Whilst the greater flexibility offered by pensions freedoms proved popular, removing the necessity to buy an annuity did leave the door open to the possibility that retirees could run out of money during their retirement.
This is because, unlike an annuity, there is no guarantee that a pension fund cannot be exhausted if its owner lives long enough or spends too much.
Annuities and pension drawdown therefore represent two very different options for retirement planning – annuities are secure but very inflexible, whereas drawdown is very flexible but offers little security.
Annuities and interest rates – two sides of the same coin
The fact that annuity rates and interest rates have both been very low over the last decade is no coincidence. This is because the income levels that annuities pay are determined by the interest rate payable on UK government bonds.
These bonds, known as gilts, have been paying progressively lower and lower rates of interest (known as the yield) since the 2008 financial crisis.
In addition to cutting interest rates close to zero, the Bank of England (much like other central banks around the world), had engaged extensively in a process known as quantitative easing.

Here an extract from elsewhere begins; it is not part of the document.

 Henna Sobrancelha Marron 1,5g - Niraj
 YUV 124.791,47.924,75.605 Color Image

Put simply, this meant that the Bank uses freshly created money to purchase gilts, with the objective of pushing down gilt yields and keeping the cost of borrowing deliberately low.
One unfortunate side effect of this however, was that annuity rates were similarly suppressed. When providing annuities, life assurance companies would buy gilts to underwrite the income they were then obliged to provide. This is because gilts are extremely stable investments, being 100% backed by HM Treasury with effectively no risk to capital when bought at issue and held to maturity.

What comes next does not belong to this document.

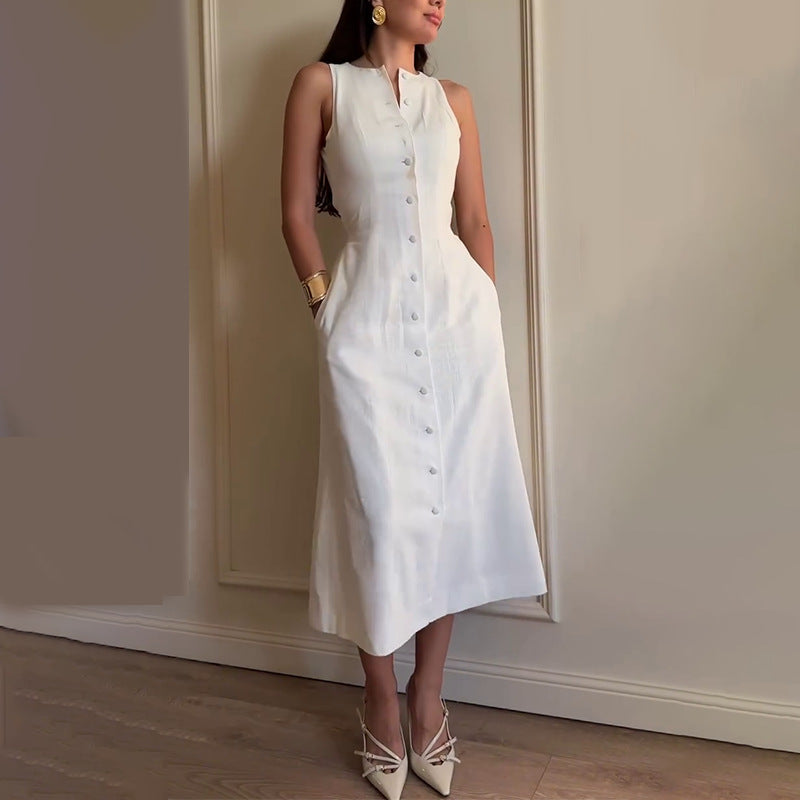 Robe Boutonnée Femme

This long-term trend of falling interest rates and lacklustre annuity rates appears to have finally reversed itself in the last six months or so, with gilt prices falling and their yields surging.
Contrary to reports, this was not caused by the mini Budget, as gilt yields began to trend upwards from the summer of 2020, but the process was certainly accelerated by it.
The overall volume of UK debt is also a factor, as it is relatively high by peacetime standards, compared to the size of the UK economy. This has meant that it is more susceptible to changes in the cost of borrowing, and changes in interest rate expectations have a more dramatic effect than they would otherwise do.
These combined factors mean that for the first time in years, annuity rates are in some cases beginning to rise and look more attractive again. So, does this mean that annuities are due for a comeback?
Flexibility versus security
As is often the case, the answer is ‘it depends’. It is certainly true that annuity rates represent better value for money than they did six months ago. For people who have large pension funds relative to their needs and who are risk averse for example, buying an annuity now would provide a copper-bottomed income at a better level than we have seen for several years.
Not only that, but this income will continue to be paid for life, regardless of how long someone lives, so this could be a valuable guarantee they would want to take advantage of.
On the other hand, the level of income available does not change the fundamental nature of annuities. Someone must still spend their pension fund in order to buy one, compared to the greater choice offered by drawdown.
It is also the case that unless the annuity chosen factors in some degree of protection against inflation, the real terms value of the income provided will erode over time.
This is another one of the attractions of pension drawdown, since such funds are not merely accessible, but also have the potential for long-term growth above the rate of inflation, if appropriately invested.
Whilst it is true to say that annuities are better value than they used to be, it is still too early to confidently say that their place in financial planning has materially changed since the introduction of pension freedoms.
It will therefore be interesting to see how annuity rates develop over the coming year.